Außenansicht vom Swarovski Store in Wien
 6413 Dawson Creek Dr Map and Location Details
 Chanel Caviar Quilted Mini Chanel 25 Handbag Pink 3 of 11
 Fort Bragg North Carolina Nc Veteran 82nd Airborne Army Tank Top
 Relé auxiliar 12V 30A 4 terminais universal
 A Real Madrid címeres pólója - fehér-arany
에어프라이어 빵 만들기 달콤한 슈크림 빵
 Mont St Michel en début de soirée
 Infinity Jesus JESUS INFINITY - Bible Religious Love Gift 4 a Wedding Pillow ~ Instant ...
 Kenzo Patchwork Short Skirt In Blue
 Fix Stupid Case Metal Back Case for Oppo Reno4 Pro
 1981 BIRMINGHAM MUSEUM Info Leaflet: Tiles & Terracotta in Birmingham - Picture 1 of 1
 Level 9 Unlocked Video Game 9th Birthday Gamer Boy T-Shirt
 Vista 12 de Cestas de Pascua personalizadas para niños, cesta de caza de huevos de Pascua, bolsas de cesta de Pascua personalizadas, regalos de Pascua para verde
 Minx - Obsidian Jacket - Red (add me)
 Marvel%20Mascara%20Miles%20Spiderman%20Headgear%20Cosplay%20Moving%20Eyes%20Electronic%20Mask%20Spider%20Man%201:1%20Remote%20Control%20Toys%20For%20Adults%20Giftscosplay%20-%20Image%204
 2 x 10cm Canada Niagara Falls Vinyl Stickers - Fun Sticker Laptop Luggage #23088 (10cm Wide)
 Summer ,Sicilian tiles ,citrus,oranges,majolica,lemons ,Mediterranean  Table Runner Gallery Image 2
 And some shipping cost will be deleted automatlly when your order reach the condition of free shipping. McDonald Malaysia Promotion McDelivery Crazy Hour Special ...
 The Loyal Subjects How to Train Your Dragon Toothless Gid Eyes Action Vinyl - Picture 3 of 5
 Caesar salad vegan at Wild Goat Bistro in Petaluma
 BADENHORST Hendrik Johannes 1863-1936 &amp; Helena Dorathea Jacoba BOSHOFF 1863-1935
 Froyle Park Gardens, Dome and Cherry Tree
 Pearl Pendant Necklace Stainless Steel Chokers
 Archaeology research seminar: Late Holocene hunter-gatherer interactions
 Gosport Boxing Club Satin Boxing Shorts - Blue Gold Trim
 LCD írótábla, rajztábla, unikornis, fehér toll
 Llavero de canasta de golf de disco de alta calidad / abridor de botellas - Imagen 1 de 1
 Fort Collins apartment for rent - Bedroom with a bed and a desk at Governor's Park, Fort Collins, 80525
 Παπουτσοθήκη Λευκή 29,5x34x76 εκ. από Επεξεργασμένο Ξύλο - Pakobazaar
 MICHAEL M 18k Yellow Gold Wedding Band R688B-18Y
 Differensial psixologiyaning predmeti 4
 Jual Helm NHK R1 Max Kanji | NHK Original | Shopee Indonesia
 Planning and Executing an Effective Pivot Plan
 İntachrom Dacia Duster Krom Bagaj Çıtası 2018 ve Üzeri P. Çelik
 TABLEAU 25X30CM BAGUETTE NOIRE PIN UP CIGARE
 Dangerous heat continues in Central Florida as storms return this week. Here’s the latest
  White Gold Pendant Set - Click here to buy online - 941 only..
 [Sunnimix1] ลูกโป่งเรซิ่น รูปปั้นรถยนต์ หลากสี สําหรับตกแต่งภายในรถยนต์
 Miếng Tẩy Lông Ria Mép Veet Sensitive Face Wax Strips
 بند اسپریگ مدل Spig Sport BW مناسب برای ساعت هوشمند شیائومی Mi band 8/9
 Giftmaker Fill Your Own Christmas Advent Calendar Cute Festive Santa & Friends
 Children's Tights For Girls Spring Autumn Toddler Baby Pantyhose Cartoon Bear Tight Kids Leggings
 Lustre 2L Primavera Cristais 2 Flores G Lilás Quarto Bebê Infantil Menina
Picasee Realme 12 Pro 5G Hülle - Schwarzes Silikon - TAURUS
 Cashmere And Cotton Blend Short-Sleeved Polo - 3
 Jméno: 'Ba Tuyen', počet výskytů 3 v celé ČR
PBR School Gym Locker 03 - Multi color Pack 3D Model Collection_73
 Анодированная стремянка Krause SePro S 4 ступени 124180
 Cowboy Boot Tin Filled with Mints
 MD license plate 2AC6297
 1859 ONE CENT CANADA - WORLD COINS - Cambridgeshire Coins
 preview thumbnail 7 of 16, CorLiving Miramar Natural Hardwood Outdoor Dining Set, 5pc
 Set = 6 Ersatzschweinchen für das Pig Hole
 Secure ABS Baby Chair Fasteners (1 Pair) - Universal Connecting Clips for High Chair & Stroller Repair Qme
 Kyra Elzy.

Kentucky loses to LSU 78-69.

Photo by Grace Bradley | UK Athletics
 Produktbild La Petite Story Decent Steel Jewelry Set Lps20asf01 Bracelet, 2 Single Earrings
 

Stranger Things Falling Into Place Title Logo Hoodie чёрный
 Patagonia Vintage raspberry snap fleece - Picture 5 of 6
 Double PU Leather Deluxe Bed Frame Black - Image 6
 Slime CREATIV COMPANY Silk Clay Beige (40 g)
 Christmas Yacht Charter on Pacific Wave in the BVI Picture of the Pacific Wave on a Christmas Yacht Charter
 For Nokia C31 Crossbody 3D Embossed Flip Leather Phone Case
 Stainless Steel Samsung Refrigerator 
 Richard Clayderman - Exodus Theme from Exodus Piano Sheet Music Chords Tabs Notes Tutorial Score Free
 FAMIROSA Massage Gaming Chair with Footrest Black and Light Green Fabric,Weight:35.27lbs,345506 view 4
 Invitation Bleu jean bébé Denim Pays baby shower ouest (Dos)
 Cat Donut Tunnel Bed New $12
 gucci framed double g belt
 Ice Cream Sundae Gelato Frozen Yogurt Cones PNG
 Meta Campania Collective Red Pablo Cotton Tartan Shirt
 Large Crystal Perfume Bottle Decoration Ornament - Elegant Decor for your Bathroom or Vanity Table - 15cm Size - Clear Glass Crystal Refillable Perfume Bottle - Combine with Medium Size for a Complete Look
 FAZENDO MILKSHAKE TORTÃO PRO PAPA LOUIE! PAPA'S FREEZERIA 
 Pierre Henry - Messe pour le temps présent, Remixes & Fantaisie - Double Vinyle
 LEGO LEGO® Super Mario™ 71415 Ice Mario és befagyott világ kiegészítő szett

============

■ **PROBLEM DESCRIPTION**
The answer must be every line from the records above that contains "Black".

■ **WRITTEN RESPONSE**
 Double PU Leather Deluxe Bed Frame Black - Image 6
 FAMIROSA Massage Gaming Chair with Footrest Black and Light Green Fabric,Weight:35.27lbs,345506 view 4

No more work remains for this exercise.